The surface of Venus

That’s where I feel like I am right now due to bad sleep. On Venus, with all its pressure and acid and heat.

I’d prefer Bradbury’s genius, which was an Earth type planet covered in dense rain forest where it rained all the time.

Sure, all that raining would get depressing. I should know, I survived El Nino, when it rained hard for almost a whole month without pause and with cloud cover so thick and low that it felt like being trapped under a low black roof. It was so dark under the roof that it was hard to tell day from night.

But at least I could frigging breathe.

Bitching about it does make me feel somewhat better. So thanks for indulging me in this, folks. Reading about this over and over can’t be fun but it’s something I need to do in order to deal with my precarious health position.

The words are not coming easy right now.
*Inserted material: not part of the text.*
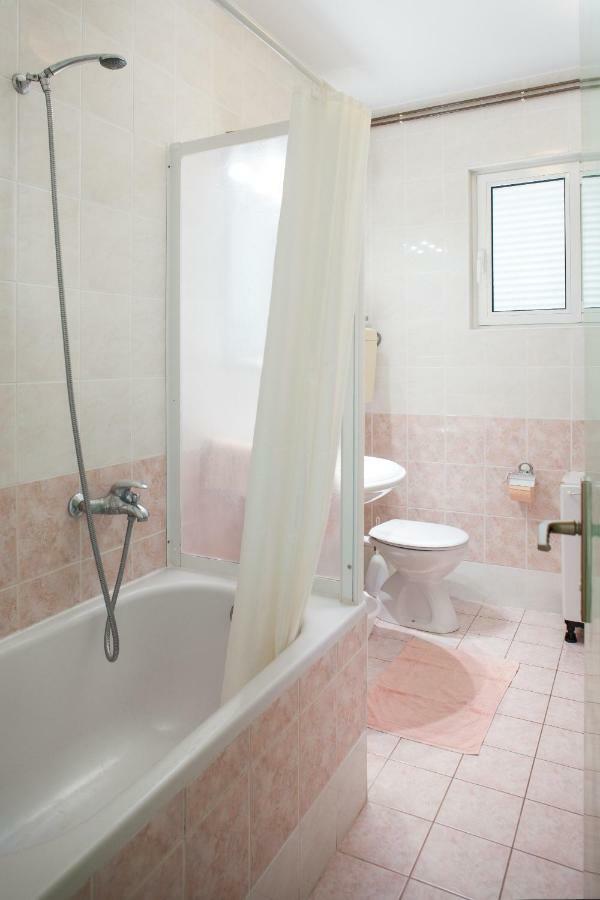 Apartments Cvjetni Dvori มาคาร์สกา ภายนอก รูปภาพ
Hell, it’s hard enough to just stay focused on what I am doing. I feel like I swimming as hard as I can just to keep from being swept away by the waves.

It kinda sucks.

Have played more Final Fantasy XIV Online. Finished the first segment of the main plot. Things got sort of interesting in the process. Now I have been packed off to a new country on a diplomatic mission. Got there by airship, of course.

Final Fantasy always has airships. Often, you get one of your own. Not true for me yet, but I have hope.

I love, love, love having my own ship in video games. The ability to roam the world (or galaxy, or whatever) really appeals to me.

Kind of like having a car in the real world, I suppose. Suddenly you have the ability to go wherever you want. It’s very empowering.

Bought Joe’s birthday gift off of Amazon late last night. It will be here tomorrow. Not bad. Makes paying for Amazon Prime vaguely worth it.

I don’t do anywhere near enough shopping on Amazon to justify paying for Prime, but I just can’t seem to make myself get rid of it.

It’s just so nice to have.

Took another crack at my tough old liberal character in part 2 of yesterday’s blog entry. Turned out way better than the first time. I attribute that to the fact that I have a lot more to say about taxes.

Got to stick to topics I have enough material on, I suppose.

I miss doing standup. It was going pretty good there at the end. But I will find some other way to use my talents to make people happy again.

Then again, my political side might take over and instead of making people laugh, I willl be trying to wake them up to the truth.

Kind of hard to reconcile those two. I mean, the obvious solution is to do political satire, and that might be where I end up.

But my political thoughts are so angry and strident that it’s hard to imagine how I would make them funny.

Oh well. Time to go back to the surface of Venus.

More after the break.


There’s Got To Be A Morning After

They were talking about music for our times and this popped into my head :

We’ll find a place that’s safe and warm

It’s one of my favorite inspiration songs of all time, and I think I have figured out why.

Unlike some other inspirational type songs, it acknowledges that things have been very bad for a long time. And not in some abstract and offhand way, like talking about “troubles” or “sorrows” or the like.

Every word of the song resonates with the message that “things are bad now but we will get through this together and finally find our long lost dawn”.

I’ve been looking around for a place that’s safe and warm for a long long time. Since the time when that song was on the air, more or less.

And it gets me thinking about optimism and hope in darker times. It’s no coincidence that so many songs of hope and happiness came out of the Great Depression. That was an era when only great hope could defeat the great sorrows of the era, and optimism was not optional.

It was a survival skill. You found hope or you lay down and died.

It also gets me thinking about something the fantabulous Felicity said to me last night. A lesson I feel like she’s been trying to teach me for years but I was not yet wise enough to learn it until now.

She described something I said as being “logically true but not in a helpful way” and my instinctive response was to wholesale reject this clearly illogical sentiment and insist that something is either true or it isn’t, whether it helps or not.

But, to my credit, I stopped myself from going down that road and thus both avoided a no doubt worse than useless argument and gave myself the space I needed in order to truly try to get what she was telling me.

And that, in turn, gave me a glimpse at the profound and soul-destroying errors to which my Brutal Truth Machine of a mind is prone. How the drive to arrive at the “truth” can eliminate a lot of valuable information and perspective in its drive to solve everything.

No…. that’s still too cold. What I am trying to say is that this merciless engine of a mind of mine kills and freezes what it studies and that if I am to have any hope of growing as a person and becoming a real live actual grownup at long last, I am going to have to learn to see, understand, and integrate into myself far more than such computronic thought processes can ever encompass.

That means I have to learn to slow down that machine gun mind of mine long enough for me to look around, smell the roses, see the sights, and take a long walk in the warm sunshine, and try to remember what it means to be alive.

It doesn’t matter what is “true”. Truth cannot sustain me.

What I need is happiness.

And that’s way more important than having the right answer all the time.

I will talk to you nice people again tomorrow.